Blackened Salmon with Sauteed Spinach and Mushrooms – A simple but elegant dish which features sauteed spinach with mushrooms and salmon. This meal astonishingly satisfying and healthy. It will leave you feeling nice and light.
Mushrooms pair so well with spinach, and the addition of that extra lemon juice gives a bit of fragrance to the dish. Besides being delicious, this dish comes together easily so you can make it part of your weekday meal rotation. This is a terrific meal for after work or after school cooking.
The simplest extra virgin Olive Oil, Salt, and pepper provide a great flavor for the Spinach and mushrooms while the delightful combination of herbs and spices makes this simple Salmon Fish standout.
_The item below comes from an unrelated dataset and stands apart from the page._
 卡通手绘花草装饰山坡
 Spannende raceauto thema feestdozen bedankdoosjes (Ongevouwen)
I love to use Portabella mushrooms or the white mushrooms for this. The only difference between portabella and white mushrooms is just their age. White mushrooms are younger and portabella has been allowed to mature. However, you can use any type of mushroom of your choice or a combination of different kinds of mushrooms.
Although this sauteed Spinach and mushrooms are delicious unadorned, grape tomatoes are a good addition. It will not only brighten the face of the meal, but it will also add a bit of sweet bite to compliment this nice savory dish.
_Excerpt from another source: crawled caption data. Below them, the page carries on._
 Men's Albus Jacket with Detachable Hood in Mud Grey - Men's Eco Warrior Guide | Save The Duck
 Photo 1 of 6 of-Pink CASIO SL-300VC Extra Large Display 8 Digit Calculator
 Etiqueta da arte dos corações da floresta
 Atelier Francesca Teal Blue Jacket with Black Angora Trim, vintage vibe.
To make the Sauteed Spinach and Mushrooms start by making a simple onion and garlic flavored olive oil then you add the mushrooms when the mushrooms are cooked in this little flavored fat, they release their juices, and an earthy broth is formed. Once all the liquid is almost evaporated, you season with salt and pepper and gradually add the Spinach and cook until just wilted.
To make the blackened Salmon, the fish is first rubbed with fat like butter or oil. In this recipe, I used Olive Oil. The Fish is now dredged in a mixture of spices. The fish is then fried in a hot skillet. The characteristic brown-black color is as a result of the charred spices.
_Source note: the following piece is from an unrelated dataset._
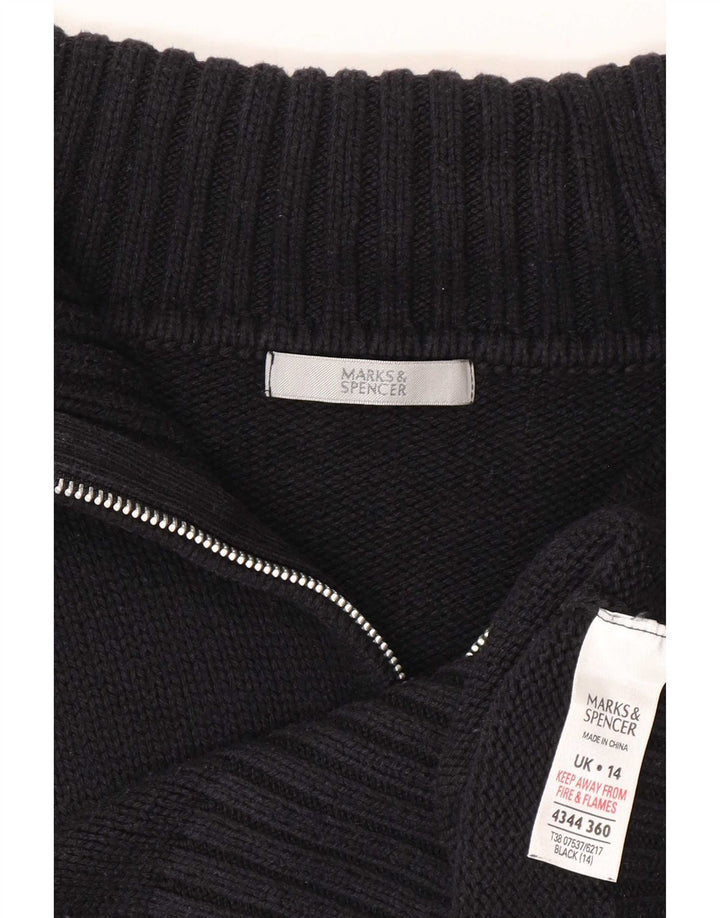 Marks & Spencer Damen-Cardigan mit durchgehendem Reißverschluss, Gr. 14, Marineblau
The dry rub used for making this blackened Salmon is very versatile, it has an affinity for not just Salmon but for other meaty fish like Swordfish, Tuna. It’s also good with Pork. I have also tried it on Chicken, and it turned out amazing. So you might want to double or triple the rub so that you can store it for future use.
**Store it in a tightly sealed jar away from light for up to 3 months.
I stay away from coconut oil when making this recipe because it tends to release so much moisture and that delays the blackening of the fish (one of my favorite oil for cooking and frying). With all my experiments with different oils, I have come to settle with Olive oil. Also, a combination of butter and Olive Oil or any vegetable oil will work just fine.
Be careful not to overcook the spinach; otherwise, it will turn brown.
It’s okay to remove the skin is you are not a fan, but I keep it on because it’s just as beneficial as the other parts of the fish.
Blackened Salmon with Sauteed Spinach and Mushrooms
For the Blackened Salmon Fish
- 2 Tbsp Paprika
- 1 Tsp Cayenne pepper
- 1 Tbsp Onion powder
- 1 Tbsp Garlic Powder
- 2 Tsp salt
- 1 Tsp Black pepper
- 1/4 Tsp Thyme Dried
- 1/4 teaspoon Basil Dried
- 1/4 teaspoon Oregano Dried
- 5 salmon fillets
- 1/4 Cup Olive Oil
For the Sauteed Spinach and Mushrooms
- 1 lb Baby Spinach
- 8 oz Mushroom
- 2 Tbsp Olive Oil
- 1/4 Cup Onions Diced
- 2 Cloves Garlic
- 1 Tbsp Lemon juice
- 1/2 Cup Grape Tomatoes
- Red Chili flakes Optional
For the Blackened Salmon
- Combine all the dry ingredients together in a bowl mix well and set aside.
- Clean the fish and pat dry with a paper towel.
- Rub both the back side and the front side of the Fish with some olive oil and rub both sides generously with the spice mix
- Preheat the remaining olive oil in the skillet or a non-stick pan and place the seasoned Fish inside the skillet. Fry for 10 minutes – five minutes on both sides on a medium to high heat.
For the sauteed Mushrooms
- Brush any dirt off the mushrooms with a soft brush or a damp paper towel or rinse quickly and pat dry with a paper towel.
- Cut the Mushrooms lengthwise to make bite-sized pieces and set aside.
- Preheat the Oil in the skillet. Add the Onions and Garlic and cook till onions become soft. about 3 to 4 minutes.
- Add the Mushrooms. Cover and simmer until they become tender. About 10 minutes – a little more or less.
- Season with Salt and pepper then add the Spinach in bits until just wilted and stir in the lemon juice.
- Plate the Sauteed Spinach and Mushrooms with the Blackened Salmon and enjoy!